### Your assignment:
Among the entries below, only the lines from the one with "LIKIMIO Daybed with" through the one with "SGFYO Group Size" are wanted, reproduced exactly. Pictures are not wanted.

### Given records:

▼▼▼

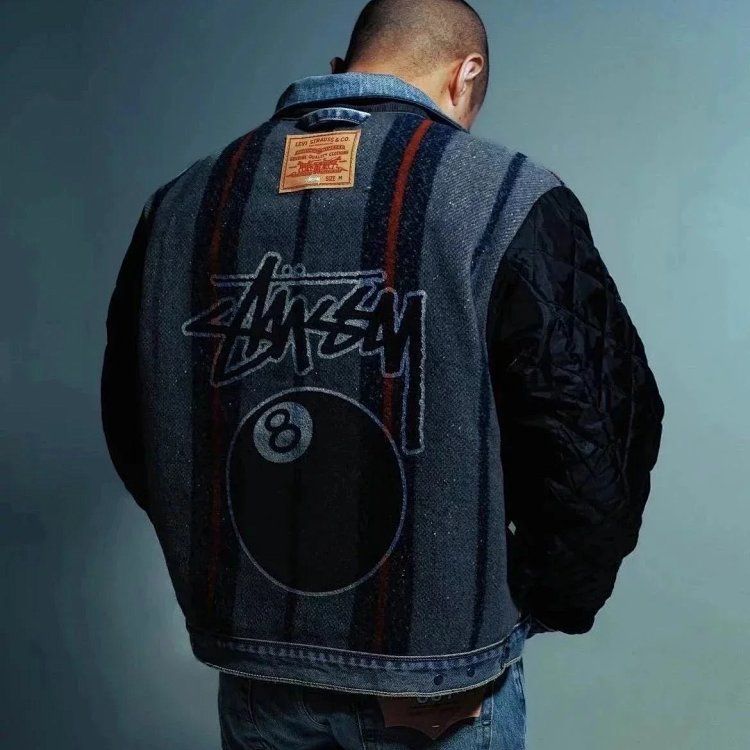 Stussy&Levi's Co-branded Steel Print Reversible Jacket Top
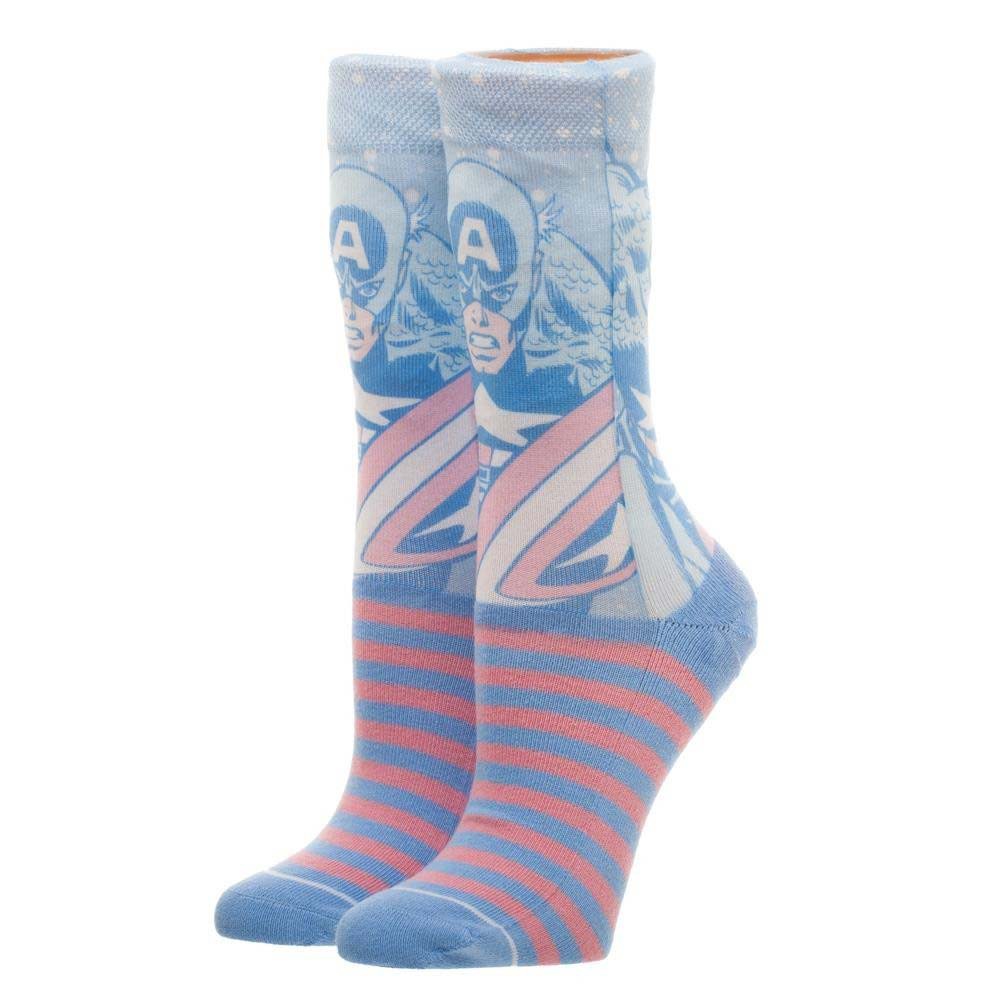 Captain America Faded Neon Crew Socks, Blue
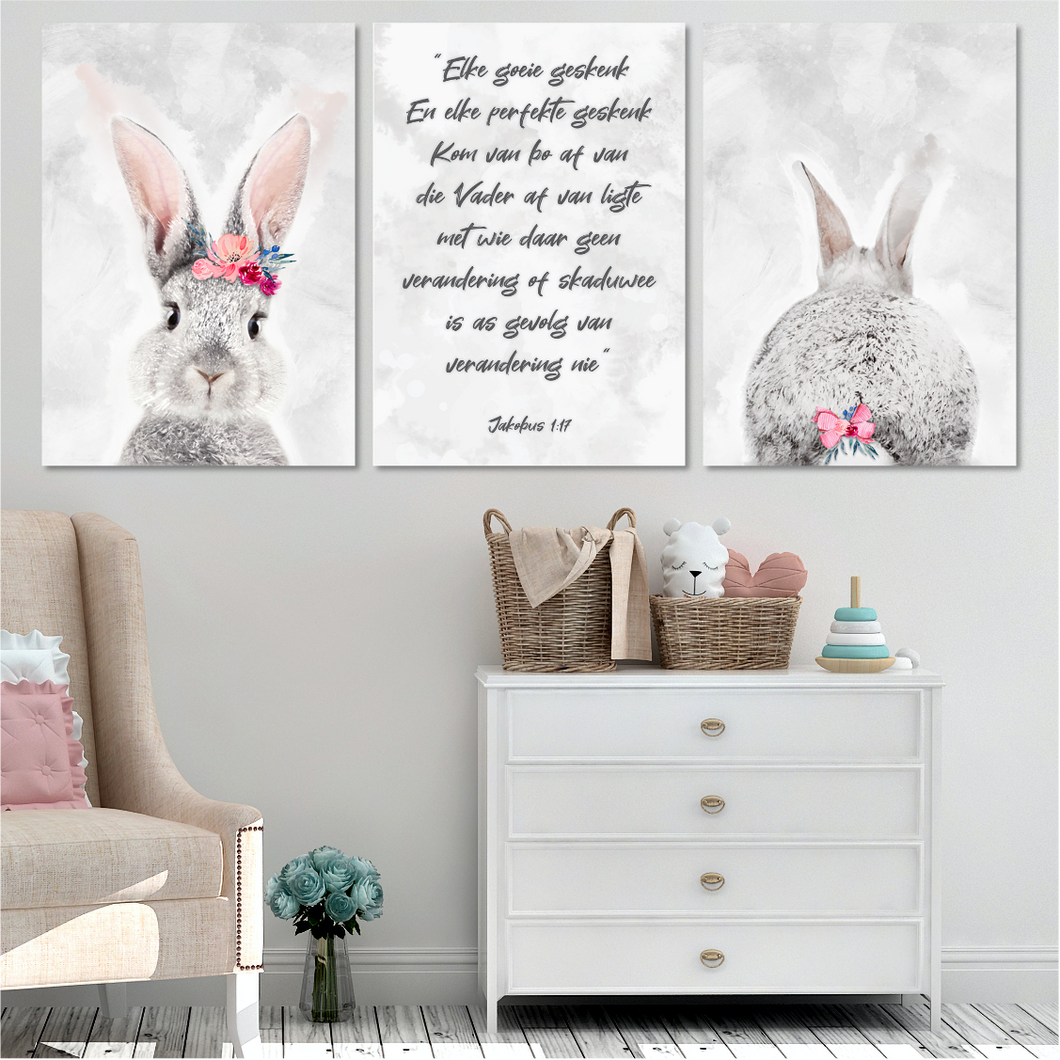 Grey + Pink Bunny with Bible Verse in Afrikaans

▲▲▲
▼▼▼

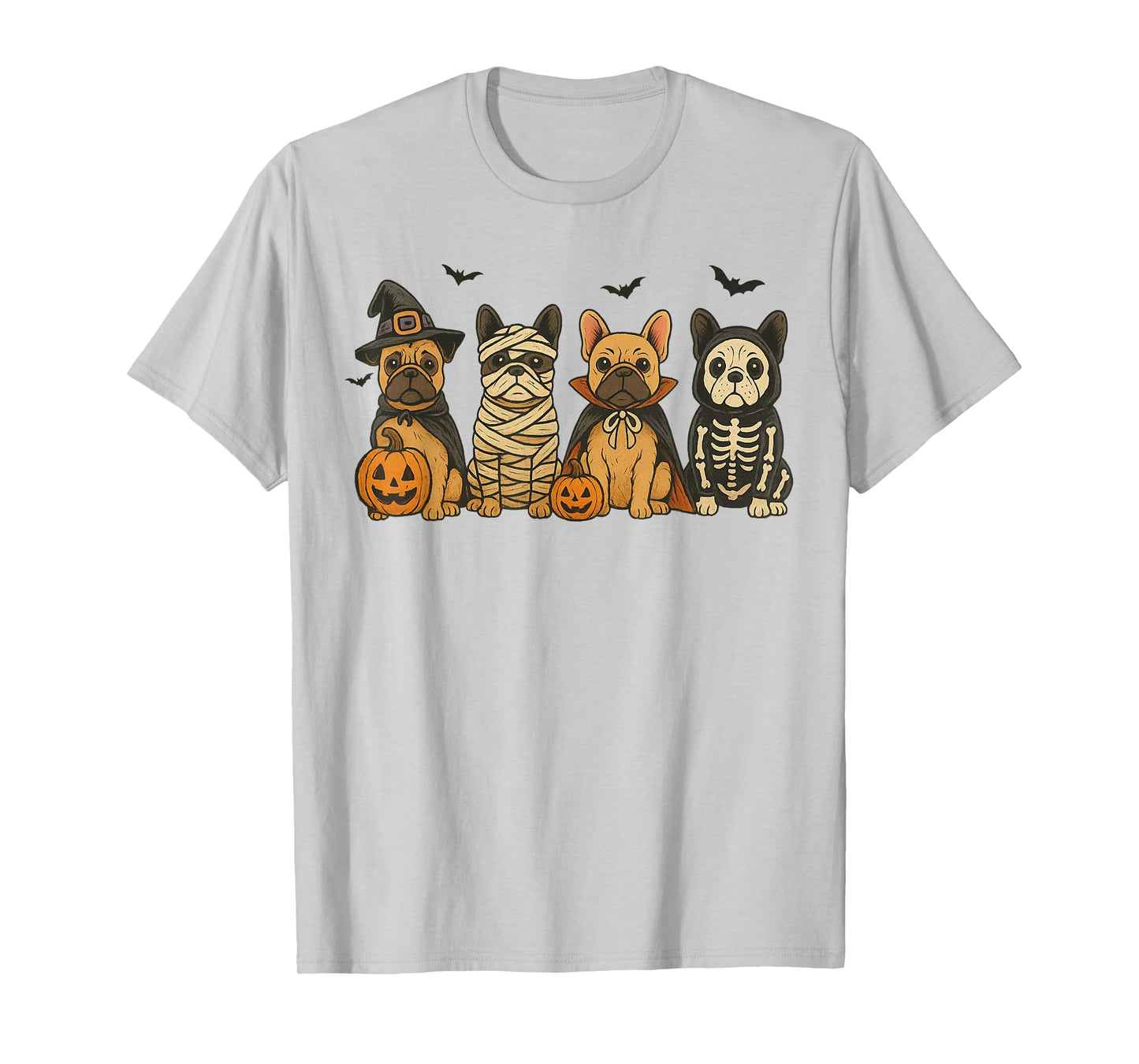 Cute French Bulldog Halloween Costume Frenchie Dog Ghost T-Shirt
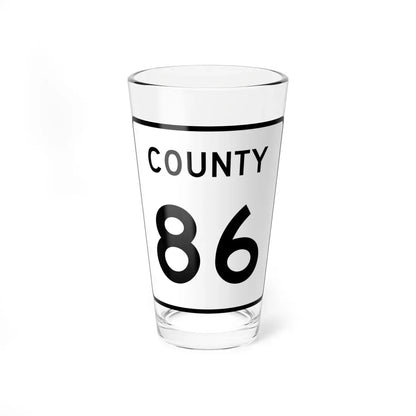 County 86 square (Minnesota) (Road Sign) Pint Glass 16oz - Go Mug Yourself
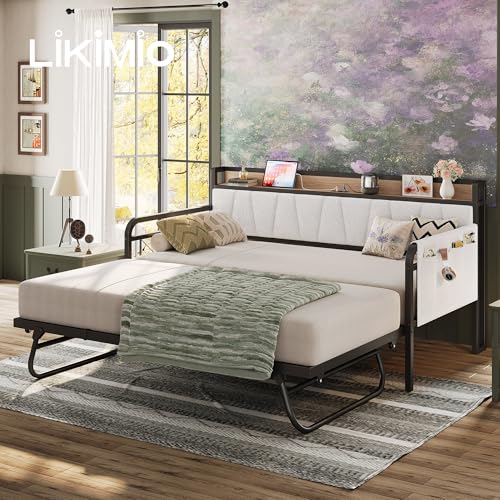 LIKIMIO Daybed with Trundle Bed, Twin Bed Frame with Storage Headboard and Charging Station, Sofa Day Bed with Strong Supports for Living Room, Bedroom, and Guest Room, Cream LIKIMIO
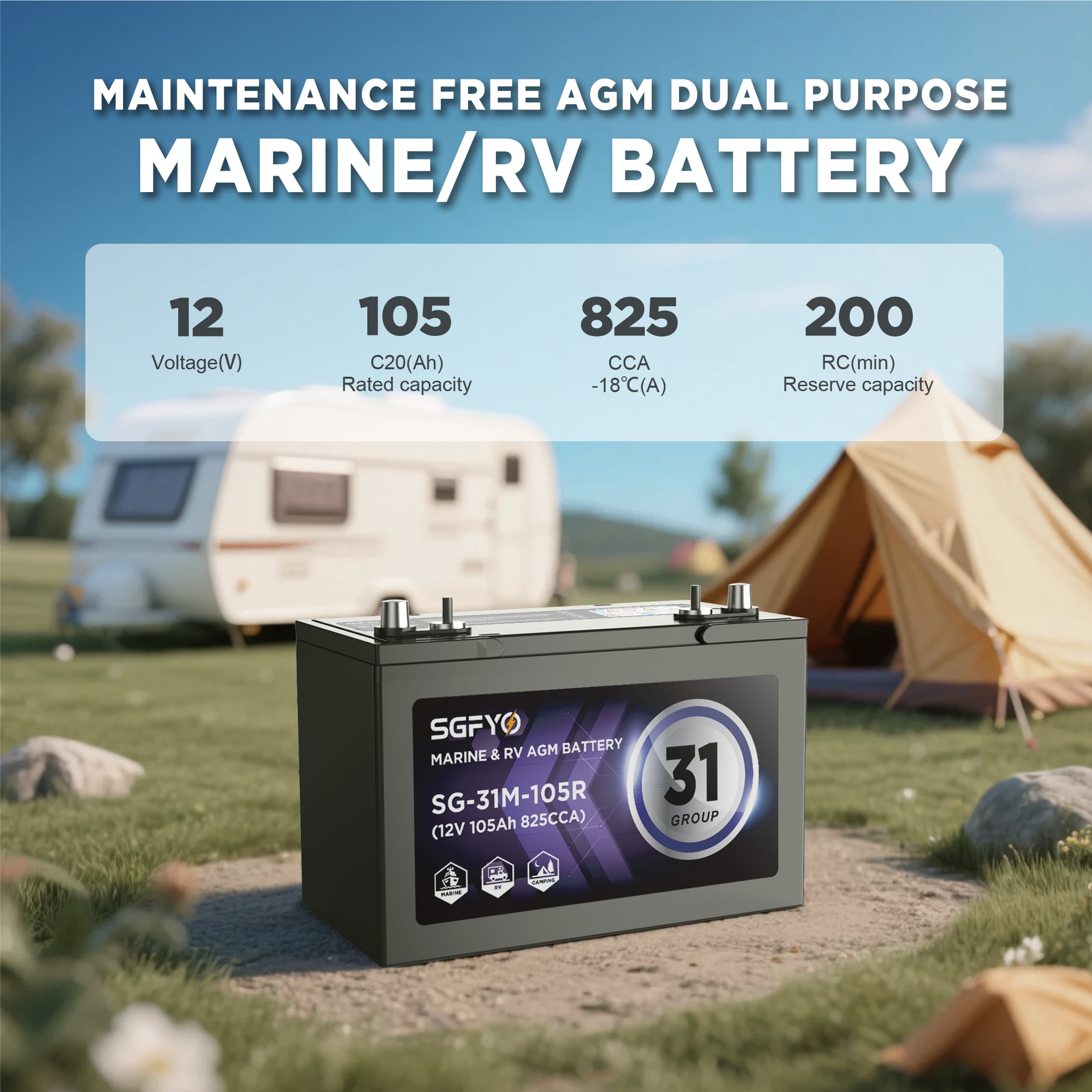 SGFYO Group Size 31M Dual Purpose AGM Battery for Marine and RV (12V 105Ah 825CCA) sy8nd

▲▲▲

### Exercise solution:
 LIKIMIO Daybed with Trundle Bed, Twin Bed Frame with Storage Headboard and Charging Station, Sofa Day Bed with Strong Supports for Living Room, Bedroom, and Guest Room, Cream LIKIMIO
 SGFYO Group Size 31M Dual Purpose AGM Battery for Marine and RV (12V 105Ah 825CCA) sy8nd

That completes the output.